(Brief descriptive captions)
------------------------------------------------------------------------
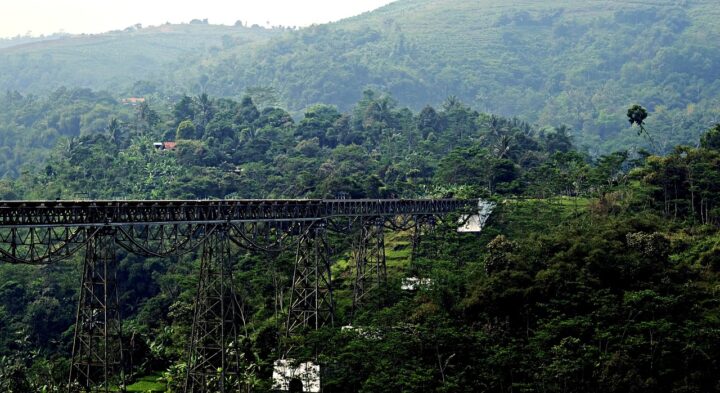 railway bridge, railway, valley, nature, train, transportation-7279647.jpg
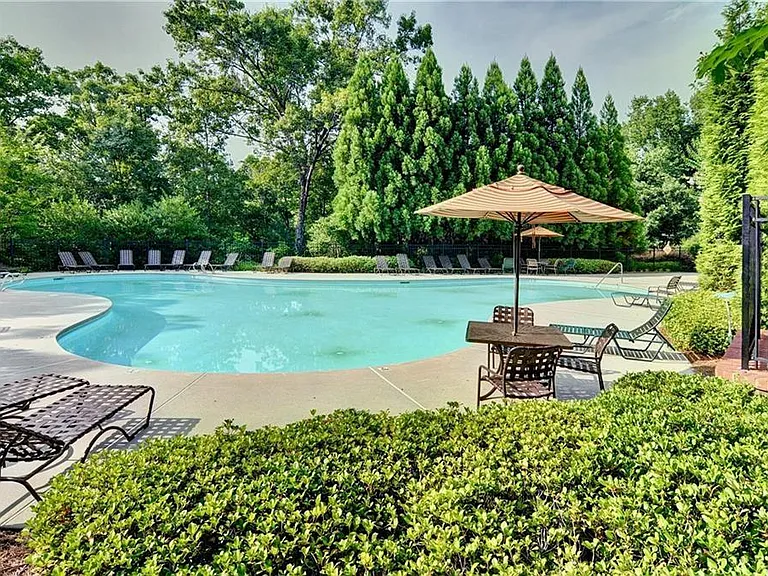 211 Creekway Xing SE — Photo 47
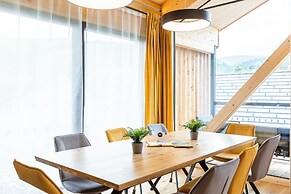 Kreischberg Pool Villas & Penthouses by ALPS RESORTS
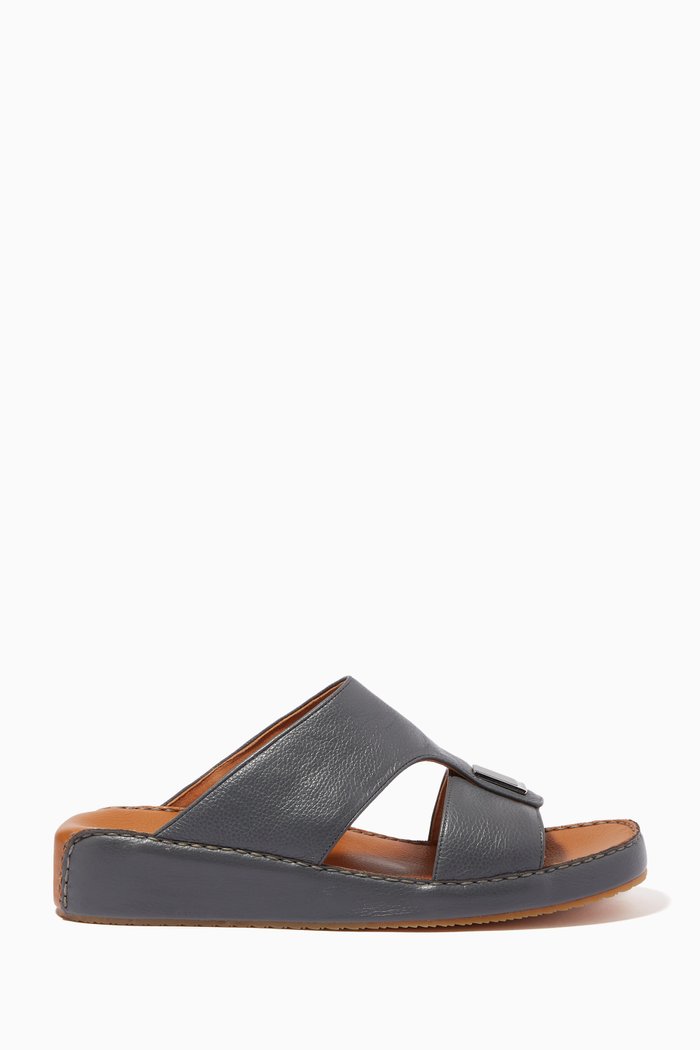 

Arabic Sandals in Grainy Leather, Grey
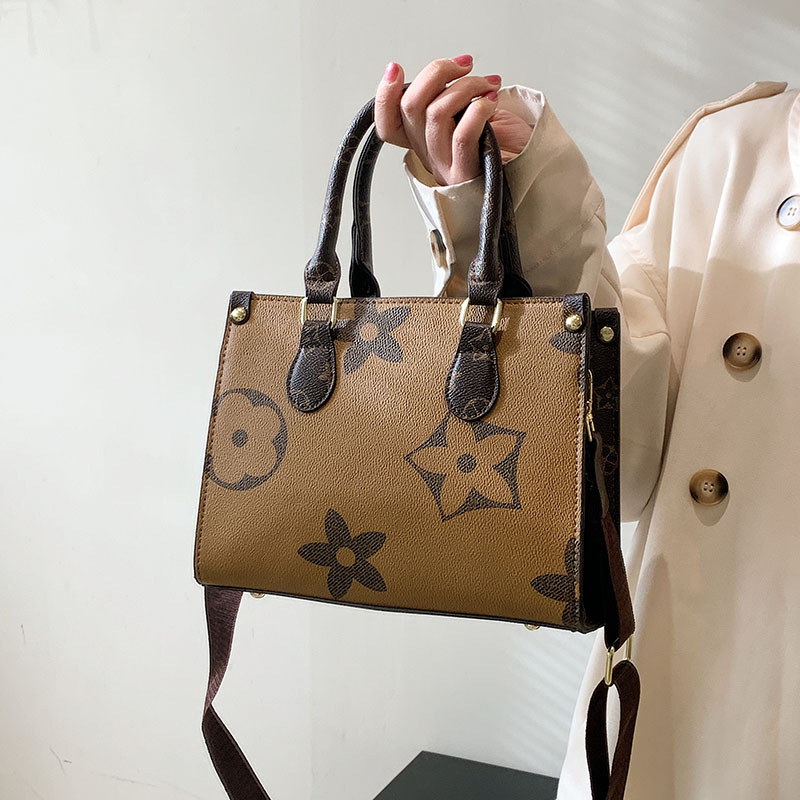 Shoulder bag luxury bag makeup bag crossbody designer bag 2025 women's casual handbag designer bag chain print large capacity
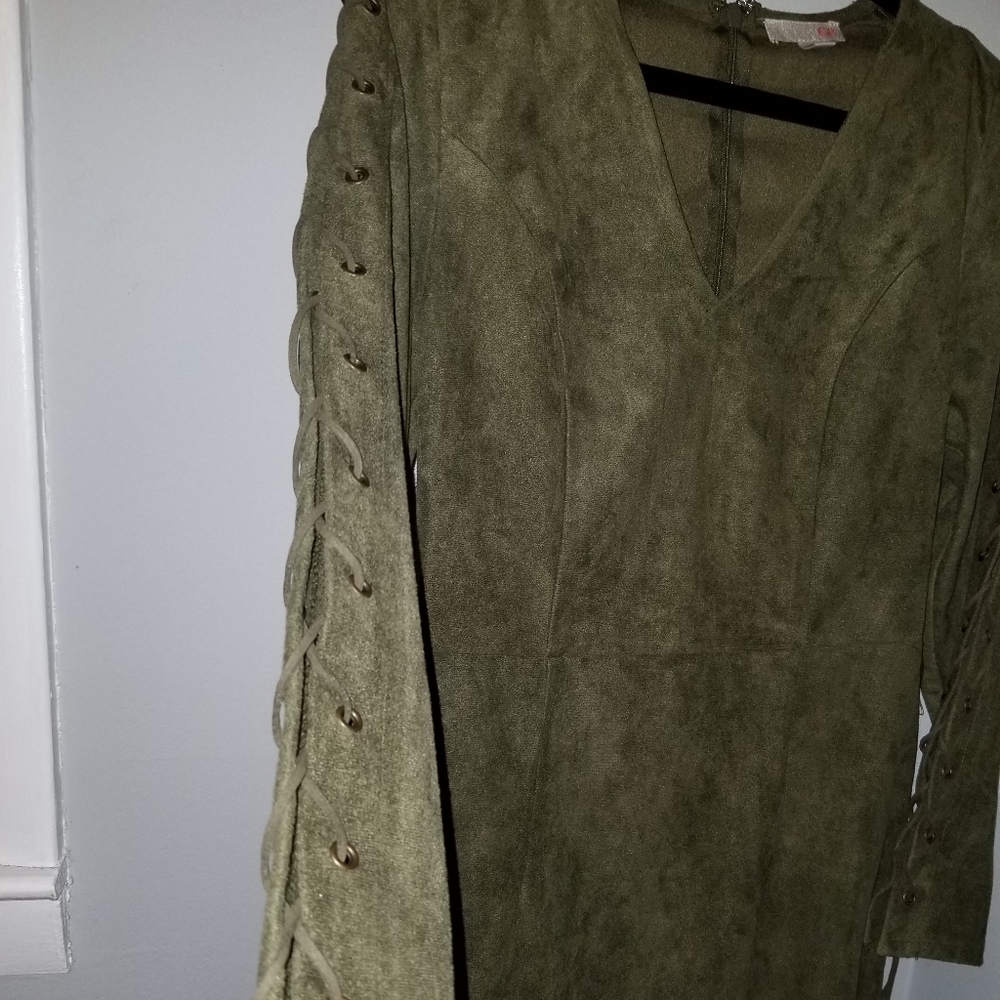 Dress - Picture 3 of 3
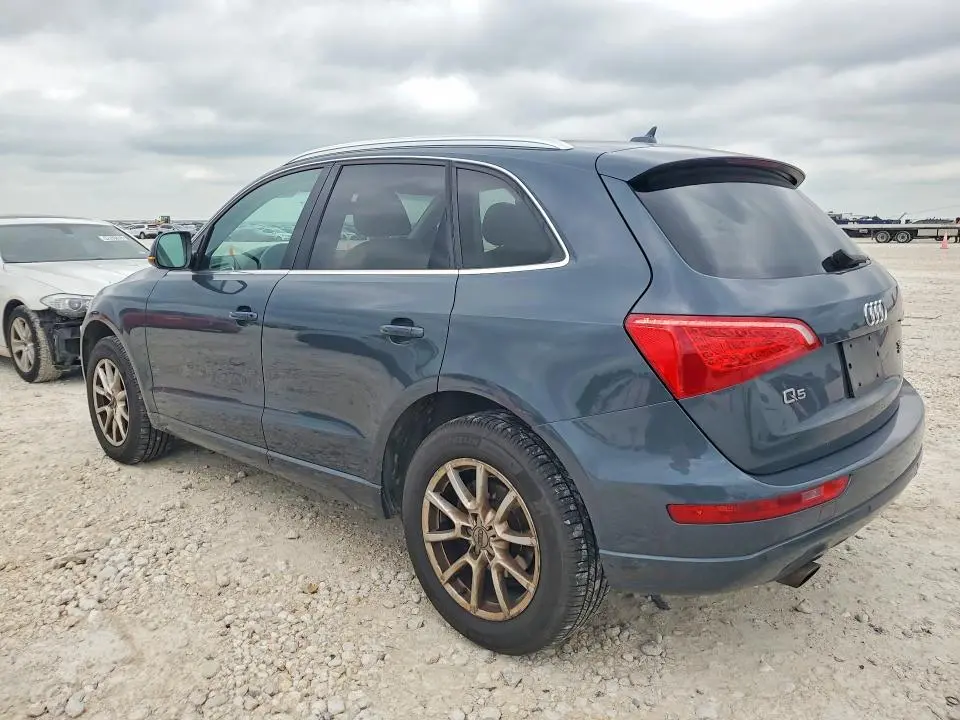 2010 AUDI Q5 PREMIUM PLUS  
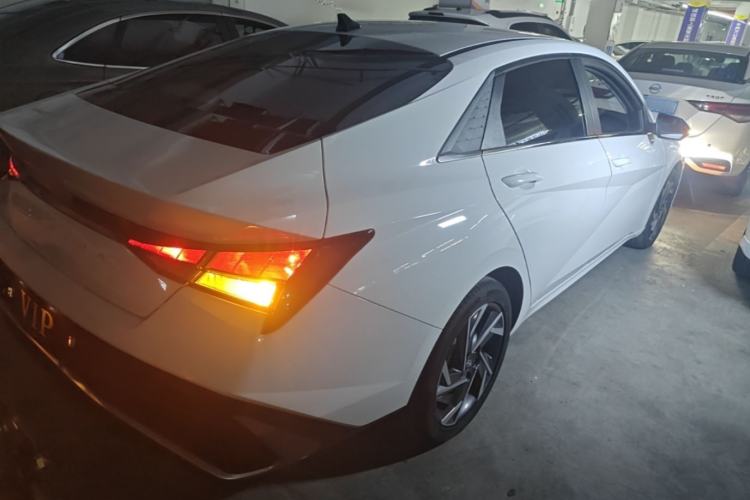 Used Hyundai Elantra 2023 1.5L CVT GLX Elite Edition Rear Right 45 Deg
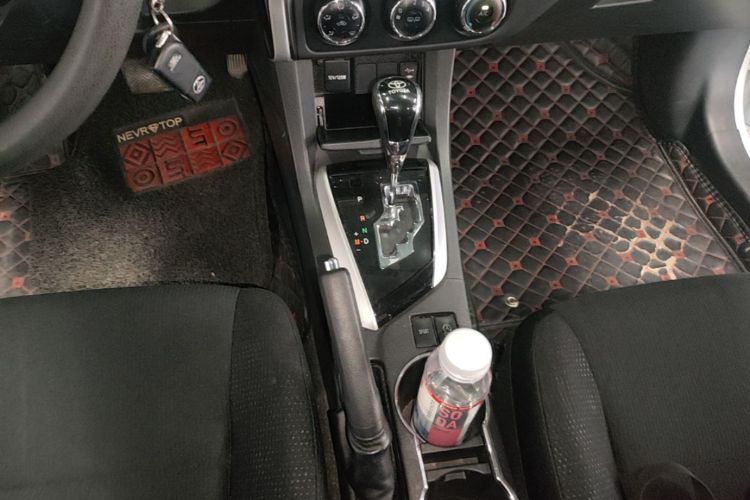 Toyota Corolla 2017 #14 Toyota Corolla 2017 car image #14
------------------------------------------------------------------------
**Problem description:** The lines to repeat start at the one holding "2010 AUDI Q5 PREMIUM PLUS" and run through the last line of the records above; write them out exactly, both ends included, but not the pictures.

**Your solution:**
 2010 AUDI Q5 PREMIUM PLUS  
 Used Hyundai Elantra 2023 1.5L CVT GLX Elite Edition Rear Right 45 Deg
 Toyota Corolla 2017 #14 Toyota Corolla 2017 car image #14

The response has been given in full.